MURFREESBORO, Tenn. ― Middle Tennessee State University is starting a program that aims to reduce the possibility of sexual assaults on campus by training male students.

The Daily News Journal reports that student orientation at the Murfreesboro university already had a section advising students about ways to avoid sexual assault, including teaching safety tips such as avoiding traveling alone and staying in well-lit, populated areas.

Now the June Anderson Center for Women and Nontraditional Students will sponsor training focused on engaging male students in the discussion about preventing sexual assault.

Jimmy Hart, director for news and media relations for MTSU, says housing staff, athletics personnel and others are also going through training that looks at issues such as “what is consent” and how to report and respond to sexual assaults.

Housing staff will be putting up posters adapted from the Tennessee Coalition to End Domestic and Sexual Violence that address sexual assault prevention, Hart said. The “Better Man” posters call attention to the importance of consent and self-control.

Kim Reynolds, a counselor for the Domestic Violence and Sexual Assault Program in Murfreesboro, supports educating men—who are most often charged with sexual crimes—about their role in changing the culture surrounding sexual attacks.

“It’s imperative,” Reynolds said. “It’s the only way that we’re going to slow down the violence. … We spend so much time telling our victims how not to get raped, and we don’t spend enough time telling potential perpetrators not to rape people.”

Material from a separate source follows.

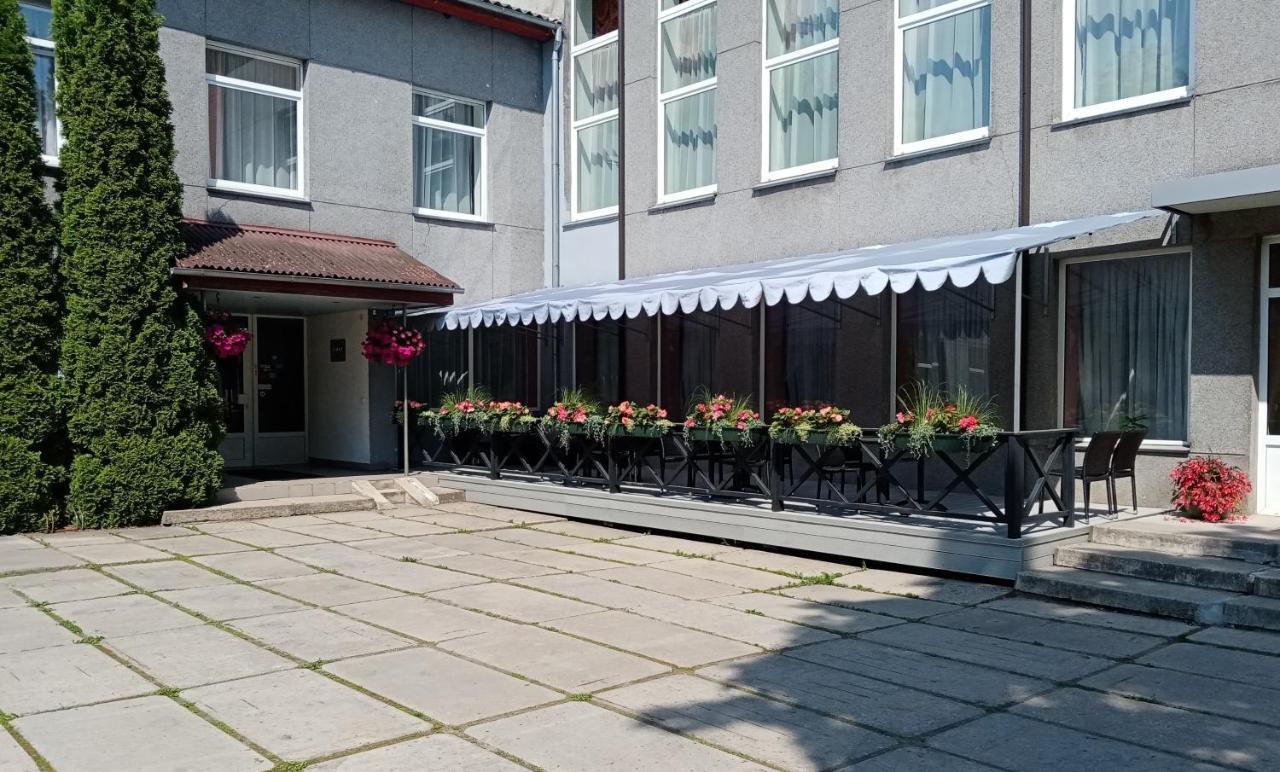 Gamma Hotel Līvāni Extérieur photo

Reynolds pointed out that both men and women can be victims of sexual assault, and rape can still occur in romantic relationships. Clear consent is required for any sexual activity.

“If somebody says, ‘I’m so drunk,’ that’s a no,” Reynolds said. “The only time it’s a ‘yes’ is if she says ‘okay.’ … Offenders are not always aware that what they’re doing is considered sexual assault.”

The university is instituting a new training module that employees will be required to take regarding sexual assault prevention.